I found the above graph here. It's not so important that it doesn't include the last five years or so for my purposes.
I was looking at MegaCorp's new hires and discovered that in the last three months of intense intern hiring (it's the season for interns!) 24% of them have been female. I wondered how this compared to engineers hired. Turns out in the first 5+ months of this year, 10% of our new hire engineers have been female.
Now, my local university says that about 18.5% of engineering degrees are conferred to women. So the intern numbers seem to be, if anything, on the high side.

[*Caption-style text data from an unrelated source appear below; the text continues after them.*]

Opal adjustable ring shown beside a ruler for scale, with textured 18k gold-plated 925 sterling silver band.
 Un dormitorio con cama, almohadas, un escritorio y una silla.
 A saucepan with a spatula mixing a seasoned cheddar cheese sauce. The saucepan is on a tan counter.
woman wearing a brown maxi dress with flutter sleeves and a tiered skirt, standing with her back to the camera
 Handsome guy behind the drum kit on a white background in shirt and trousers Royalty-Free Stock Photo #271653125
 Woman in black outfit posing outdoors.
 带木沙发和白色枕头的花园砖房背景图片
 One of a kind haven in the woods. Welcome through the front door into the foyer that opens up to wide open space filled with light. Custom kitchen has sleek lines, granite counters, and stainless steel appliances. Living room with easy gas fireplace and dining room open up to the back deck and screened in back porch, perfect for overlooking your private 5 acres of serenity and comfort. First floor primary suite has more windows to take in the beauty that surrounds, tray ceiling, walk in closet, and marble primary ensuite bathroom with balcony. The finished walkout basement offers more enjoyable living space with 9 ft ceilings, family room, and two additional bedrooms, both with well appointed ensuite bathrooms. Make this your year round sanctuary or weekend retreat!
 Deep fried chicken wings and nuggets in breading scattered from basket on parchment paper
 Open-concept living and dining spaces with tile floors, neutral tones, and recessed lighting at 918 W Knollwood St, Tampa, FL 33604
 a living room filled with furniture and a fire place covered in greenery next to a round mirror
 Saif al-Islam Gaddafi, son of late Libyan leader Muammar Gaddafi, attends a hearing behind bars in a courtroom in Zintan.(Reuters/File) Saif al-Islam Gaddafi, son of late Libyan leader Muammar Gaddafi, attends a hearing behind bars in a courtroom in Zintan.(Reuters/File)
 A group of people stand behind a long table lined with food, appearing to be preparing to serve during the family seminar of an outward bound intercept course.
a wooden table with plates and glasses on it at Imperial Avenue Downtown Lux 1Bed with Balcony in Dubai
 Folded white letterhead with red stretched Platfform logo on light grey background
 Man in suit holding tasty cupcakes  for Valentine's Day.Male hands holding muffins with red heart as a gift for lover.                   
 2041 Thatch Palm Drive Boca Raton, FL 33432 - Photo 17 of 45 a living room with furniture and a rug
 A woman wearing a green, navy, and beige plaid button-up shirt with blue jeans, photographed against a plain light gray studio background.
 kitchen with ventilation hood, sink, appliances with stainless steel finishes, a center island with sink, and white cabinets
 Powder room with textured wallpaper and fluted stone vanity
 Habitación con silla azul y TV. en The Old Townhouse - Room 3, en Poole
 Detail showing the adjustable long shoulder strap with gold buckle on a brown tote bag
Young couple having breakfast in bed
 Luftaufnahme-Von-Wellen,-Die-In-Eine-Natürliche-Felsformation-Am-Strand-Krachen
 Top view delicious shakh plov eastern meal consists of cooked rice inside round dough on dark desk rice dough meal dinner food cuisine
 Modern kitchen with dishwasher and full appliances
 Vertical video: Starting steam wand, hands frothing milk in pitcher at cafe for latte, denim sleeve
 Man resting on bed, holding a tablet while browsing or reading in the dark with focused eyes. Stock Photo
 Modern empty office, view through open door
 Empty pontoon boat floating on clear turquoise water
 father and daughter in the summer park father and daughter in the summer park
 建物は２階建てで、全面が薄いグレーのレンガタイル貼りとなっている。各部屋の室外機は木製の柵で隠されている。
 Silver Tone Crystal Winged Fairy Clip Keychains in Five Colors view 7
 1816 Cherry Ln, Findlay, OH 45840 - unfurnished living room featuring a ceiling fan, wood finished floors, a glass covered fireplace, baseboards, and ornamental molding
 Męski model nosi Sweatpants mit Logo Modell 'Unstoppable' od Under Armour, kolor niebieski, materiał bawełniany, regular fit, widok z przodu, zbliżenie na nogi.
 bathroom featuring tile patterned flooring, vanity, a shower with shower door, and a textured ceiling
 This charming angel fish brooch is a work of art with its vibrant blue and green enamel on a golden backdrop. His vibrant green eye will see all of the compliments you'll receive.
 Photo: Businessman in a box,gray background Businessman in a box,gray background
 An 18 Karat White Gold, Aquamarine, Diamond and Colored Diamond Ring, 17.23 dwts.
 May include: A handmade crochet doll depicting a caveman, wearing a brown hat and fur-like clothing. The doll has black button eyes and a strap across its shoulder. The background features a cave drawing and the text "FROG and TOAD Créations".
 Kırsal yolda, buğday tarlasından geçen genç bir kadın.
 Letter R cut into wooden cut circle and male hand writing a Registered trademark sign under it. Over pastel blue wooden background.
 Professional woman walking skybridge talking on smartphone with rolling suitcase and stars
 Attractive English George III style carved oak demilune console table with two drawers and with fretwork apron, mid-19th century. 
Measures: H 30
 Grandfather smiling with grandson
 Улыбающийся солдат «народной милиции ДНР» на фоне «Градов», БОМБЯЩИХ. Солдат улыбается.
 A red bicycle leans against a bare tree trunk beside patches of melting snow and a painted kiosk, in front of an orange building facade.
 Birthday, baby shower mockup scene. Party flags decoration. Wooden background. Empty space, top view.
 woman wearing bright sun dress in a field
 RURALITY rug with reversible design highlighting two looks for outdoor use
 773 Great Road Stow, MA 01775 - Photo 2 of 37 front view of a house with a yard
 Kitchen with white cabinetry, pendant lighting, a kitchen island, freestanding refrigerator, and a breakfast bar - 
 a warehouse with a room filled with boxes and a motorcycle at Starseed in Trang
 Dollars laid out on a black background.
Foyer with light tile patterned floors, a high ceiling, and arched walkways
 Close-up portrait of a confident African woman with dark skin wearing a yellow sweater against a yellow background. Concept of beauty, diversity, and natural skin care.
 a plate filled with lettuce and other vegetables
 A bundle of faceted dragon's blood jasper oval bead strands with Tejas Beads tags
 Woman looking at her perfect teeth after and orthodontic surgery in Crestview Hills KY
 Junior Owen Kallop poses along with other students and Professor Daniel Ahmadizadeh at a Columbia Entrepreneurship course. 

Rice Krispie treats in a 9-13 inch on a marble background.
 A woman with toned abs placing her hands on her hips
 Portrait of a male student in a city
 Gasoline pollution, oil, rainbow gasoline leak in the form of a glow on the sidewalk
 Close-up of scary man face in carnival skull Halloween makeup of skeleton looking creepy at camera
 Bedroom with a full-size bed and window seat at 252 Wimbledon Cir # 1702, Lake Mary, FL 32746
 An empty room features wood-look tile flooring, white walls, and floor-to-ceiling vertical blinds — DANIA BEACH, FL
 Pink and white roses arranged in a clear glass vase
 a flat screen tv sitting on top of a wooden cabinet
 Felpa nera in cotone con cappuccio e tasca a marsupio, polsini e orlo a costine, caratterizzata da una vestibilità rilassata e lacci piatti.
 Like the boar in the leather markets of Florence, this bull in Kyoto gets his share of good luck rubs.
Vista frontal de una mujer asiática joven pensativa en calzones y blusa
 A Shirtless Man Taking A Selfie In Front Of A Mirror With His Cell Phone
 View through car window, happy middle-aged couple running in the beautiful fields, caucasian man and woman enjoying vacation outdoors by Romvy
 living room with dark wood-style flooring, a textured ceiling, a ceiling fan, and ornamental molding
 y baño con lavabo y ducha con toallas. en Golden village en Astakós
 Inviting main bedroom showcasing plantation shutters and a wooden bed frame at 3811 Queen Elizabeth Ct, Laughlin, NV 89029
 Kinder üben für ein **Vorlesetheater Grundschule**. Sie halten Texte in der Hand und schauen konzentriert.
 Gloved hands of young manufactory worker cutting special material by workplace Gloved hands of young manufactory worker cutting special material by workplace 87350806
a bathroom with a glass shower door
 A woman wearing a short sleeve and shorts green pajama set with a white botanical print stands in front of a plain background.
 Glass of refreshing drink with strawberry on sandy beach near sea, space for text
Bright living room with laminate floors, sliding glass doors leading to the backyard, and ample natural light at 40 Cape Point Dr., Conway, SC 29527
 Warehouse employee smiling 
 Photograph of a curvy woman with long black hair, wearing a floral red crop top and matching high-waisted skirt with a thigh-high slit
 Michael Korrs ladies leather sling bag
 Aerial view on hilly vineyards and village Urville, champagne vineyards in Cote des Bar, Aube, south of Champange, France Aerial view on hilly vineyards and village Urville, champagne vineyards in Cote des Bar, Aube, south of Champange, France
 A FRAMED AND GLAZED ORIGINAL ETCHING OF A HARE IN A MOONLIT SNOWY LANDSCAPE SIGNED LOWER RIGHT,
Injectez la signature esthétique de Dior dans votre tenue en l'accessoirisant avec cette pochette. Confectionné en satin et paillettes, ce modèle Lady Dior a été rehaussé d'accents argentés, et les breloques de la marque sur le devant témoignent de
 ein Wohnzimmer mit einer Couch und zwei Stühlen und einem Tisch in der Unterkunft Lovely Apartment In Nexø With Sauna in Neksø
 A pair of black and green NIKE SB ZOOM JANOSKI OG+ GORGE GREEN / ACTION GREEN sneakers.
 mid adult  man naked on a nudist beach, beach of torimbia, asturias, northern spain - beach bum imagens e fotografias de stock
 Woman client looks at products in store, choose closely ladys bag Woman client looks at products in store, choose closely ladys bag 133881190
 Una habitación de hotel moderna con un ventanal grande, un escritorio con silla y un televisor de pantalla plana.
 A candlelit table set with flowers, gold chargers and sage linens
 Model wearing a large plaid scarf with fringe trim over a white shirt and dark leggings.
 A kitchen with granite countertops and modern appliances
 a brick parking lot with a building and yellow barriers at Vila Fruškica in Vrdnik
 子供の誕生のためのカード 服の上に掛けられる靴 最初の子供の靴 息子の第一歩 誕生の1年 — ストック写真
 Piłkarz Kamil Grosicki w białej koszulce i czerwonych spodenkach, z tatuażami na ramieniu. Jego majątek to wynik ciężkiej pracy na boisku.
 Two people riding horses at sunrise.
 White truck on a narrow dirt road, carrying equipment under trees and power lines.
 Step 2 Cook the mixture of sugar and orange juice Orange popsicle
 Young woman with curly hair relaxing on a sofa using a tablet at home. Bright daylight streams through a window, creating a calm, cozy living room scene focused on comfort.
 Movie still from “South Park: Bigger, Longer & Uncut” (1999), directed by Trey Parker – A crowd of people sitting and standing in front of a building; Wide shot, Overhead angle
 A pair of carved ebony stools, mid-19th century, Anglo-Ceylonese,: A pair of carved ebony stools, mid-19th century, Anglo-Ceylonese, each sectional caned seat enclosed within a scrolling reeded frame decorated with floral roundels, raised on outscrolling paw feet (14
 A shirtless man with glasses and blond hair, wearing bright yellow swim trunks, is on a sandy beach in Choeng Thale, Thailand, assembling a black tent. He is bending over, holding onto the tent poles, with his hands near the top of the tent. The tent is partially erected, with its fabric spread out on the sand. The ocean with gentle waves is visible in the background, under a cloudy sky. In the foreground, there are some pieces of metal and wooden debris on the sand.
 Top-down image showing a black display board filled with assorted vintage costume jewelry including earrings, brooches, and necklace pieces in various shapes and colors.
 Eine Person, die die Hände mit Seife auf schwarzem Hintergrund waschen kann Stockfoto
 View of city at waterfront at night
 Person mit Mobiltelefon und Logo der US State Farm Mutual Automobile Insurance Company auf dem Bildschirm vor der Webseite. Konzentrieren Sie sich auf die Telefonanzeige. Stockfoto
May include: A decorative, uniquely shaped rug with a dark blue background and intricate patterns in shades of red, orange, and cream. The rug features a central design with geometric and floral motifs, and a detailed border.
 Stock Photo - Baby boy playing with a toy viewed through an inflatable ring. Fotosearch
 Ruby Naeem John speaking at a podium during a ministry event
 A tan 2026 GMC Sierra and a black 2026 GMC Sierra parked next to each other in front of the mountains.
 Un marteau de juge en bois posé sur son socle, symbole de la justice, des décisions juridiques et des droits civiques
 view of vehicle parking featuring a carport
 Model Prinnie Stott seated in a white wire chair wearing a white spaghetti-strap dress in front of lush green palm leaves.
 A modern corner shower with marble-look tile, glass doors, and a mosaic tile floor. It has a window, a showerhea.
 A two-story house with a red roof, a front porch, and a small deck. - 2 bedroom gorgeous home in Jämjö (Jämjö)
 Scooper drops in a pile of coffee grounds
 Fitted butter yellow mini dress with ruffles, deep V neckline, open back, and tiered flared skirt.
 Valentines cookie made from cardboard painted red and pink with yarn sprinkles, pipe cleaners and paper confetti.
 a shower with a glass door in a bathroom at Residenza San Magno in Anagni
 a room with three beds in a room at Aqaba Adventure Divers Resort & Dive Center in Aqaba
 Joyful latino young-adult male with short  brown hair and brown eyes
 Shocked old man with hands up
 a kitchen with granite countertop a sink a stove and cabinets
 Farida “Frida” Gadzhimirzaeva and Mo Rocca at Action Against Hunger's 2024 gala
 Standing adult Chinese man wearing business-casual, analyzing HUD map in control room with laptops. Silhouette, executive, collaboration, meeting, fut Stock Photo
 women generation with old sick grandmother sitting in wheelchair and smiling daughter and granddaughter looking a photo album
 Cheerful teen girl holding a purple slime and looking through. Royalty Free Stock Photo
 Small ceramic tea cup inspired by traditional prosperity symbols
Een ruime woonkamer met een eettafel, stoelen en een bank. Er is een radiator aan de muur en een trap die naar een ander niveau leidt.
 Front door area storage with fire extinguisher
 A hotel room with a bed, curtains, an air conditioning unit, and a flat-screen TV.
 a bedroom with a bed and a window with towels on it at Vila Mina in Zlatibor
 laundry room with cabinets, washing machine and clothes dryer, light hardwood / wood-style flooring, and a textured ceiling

Compare the new hire numbers to the historical chart at the top and you'd see that we'd have to be averaging 30 years of experience for the engineers we hire for 10% to be a reasonable number. It's unlikely our average new hire engineer is 50 years old or more.
What does this mean? Why is the effort being made on the intern level to bring in more women but we don't see it when it comes down to hiring full-timers? It's possible, I suppose, that women are graduating with degrees, and working internships, but then somehow not going into engineer at all. If they are going into completely different fields after getting an engineering degree, and in high numbers, that could explain it.
Or is it part of the general trend that women tend to work in lower paying occupations so it's easier for a woman to get hired on as an intern than it will be for her to get hired as an engineer. Or maybe HR is trying to push diversity but can only manage to do so as a part of its intern hiring program but can't convince managers to hire more experienced women.
This might make a lot of sense if both numbers were on the low side or on the high side. Then you could draw some conclusion about MegaCorp's particular industry or maybe locality differences. As it is it looks a little strange.